General Information: This building was named for Keith and Edith Prentice, long time friends and supporters of the College. Keith was a 1955 graduate of the College and a long-time optometrist in Jamestown. Edith is a 1956 graduate of the College and served on the Board of Trustees for 26 years. Prentice Hall is the newest dormitory on the campus and houses students in 4-person suites.

Year Built: 2001

General Information: This building was named for Rose Mary Reiland who was the major benefactor. Rose Mary is a 1947 graduate of Jamestown College and is a member of the Jamestown College Alumni Association Board. The nearly 47,000 square foot facility houses the music, art, and theatre departments. The facility also boasts a 700-seat auditorium and a variety of other amenities.

Year Built: 2006

General Information: This building was made possible with gifts from lead donors Jim ’63 and Candy Unruh and Agnes Sheldon Griffin. Griffin made her gift in honor of her brother, Lloyd Sheldon (’44). The building houses the departments of “Business, Accounting, & Economics”, “Communications”, and “Computer Science & Technology”.

Year Built: 2007

General Information: Lead donors Ed ’63 and Elaine Nafus say the center represents their desire to do something for Jamestown College students. The focal point of the new space is a two-story atrium entrance leading into an open commons area.

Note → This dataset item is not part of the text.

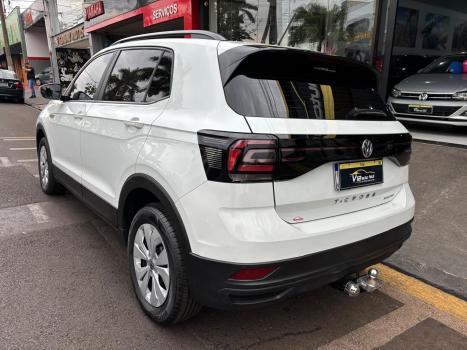 VOLKSWAGEN T-Cross 1.0 4P 200 TSI FLEX SENSE AUTOMÁTICO, Foto 7 VOLKSWAGEN T-Cross 1.0 4P 200 TSI FLEX SENSE AUTOMÁTICO, Foto 7
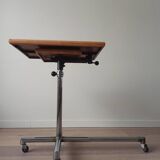 Vintage serving table, 50s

The building was renamed Badal Nafus Center in 2018 to honor University President Robert Badal.

Year Built: 2008

General Information: The lead gift for this project came from the Drs. Merle L. and Peggy J. Foss Academic Enrichment Fund. The facility is an outstanding teaching and learning environment for students and faculty involved in physical education, and it also provides space for fitness activities.

Year Built: 2017

General Information: The lead gift for this project came from the Harold Newman Family. The design, meant to match the architecture from the oldest buildings on campus, features full windows for natural lighting, brick exterior and a bell tower to match Voorhees Chapel.

The interior features a large conferencing space, locker rooms, and a beautiful arena for the Jimmies to call home.